You can draw the inference that all skills are really motor skills, particularly if you believe that any attempt to acquire information about the world affects the world in some way. It requires an interchange of energy. Gathering information isn't usually very subtle. For example, to get the tensile strength of a metal bar, you have to stretch the bar to its breaking point to know what it can, or can't, support. The same for getting information from prisoners of war -- it's not headline news that prisoners don't always walk away from the questioning unscathed.

 

Tools of the Trade

Getting information frequently involves instruments. To get the length of a table, for instance, you apply a measuring device, possibly a flexible tape. The action is motor, involves obstacle-course mechanisms or action patterns of one sort or another, and requires a certain level of skill. But its objective is still to get information -- to find out about something. The world of science is filled to the brim with such devices, as is everyday life.

 

Perception and Motion

If you manage the skill properly, perception lets you find out what's going on.
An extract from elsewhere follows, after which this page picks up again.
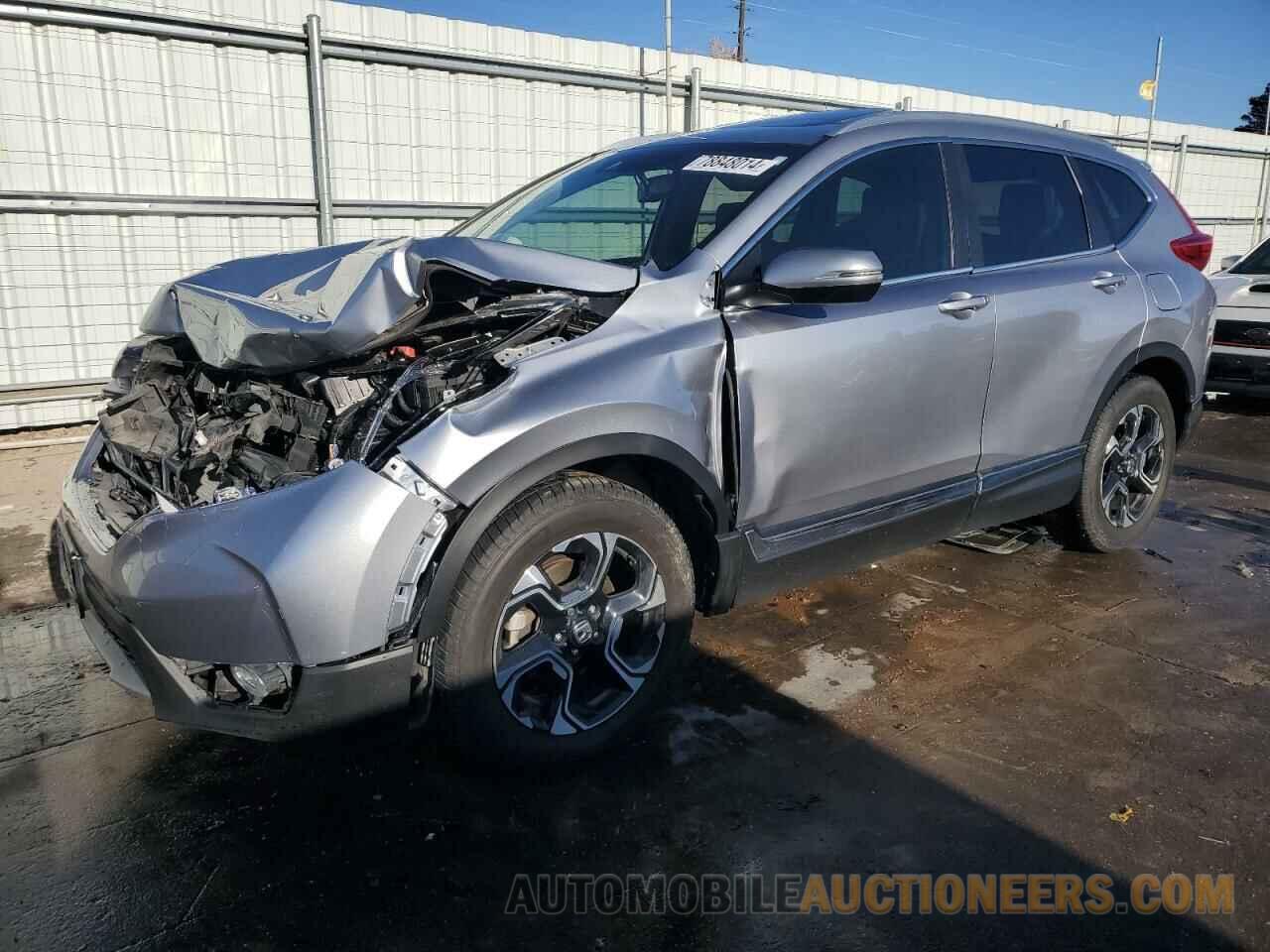 7FARW2H90JE041675 HONDA CRV 2018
Without it, you'd have no way of knowing what you were doing. The motor component provides the motive force. Only by exerting your muscles can you get around the environment.

In the military, for example, the motor component is the firing that occurs after reconnaissance has discovered the location or condition of the enemy. Or it's the application of antibiotics and bandages to treat a wound. Knowledge-based actions of this nature define motor skills. They produce certain environmental consequences, like a destroyed enemy or a well patient.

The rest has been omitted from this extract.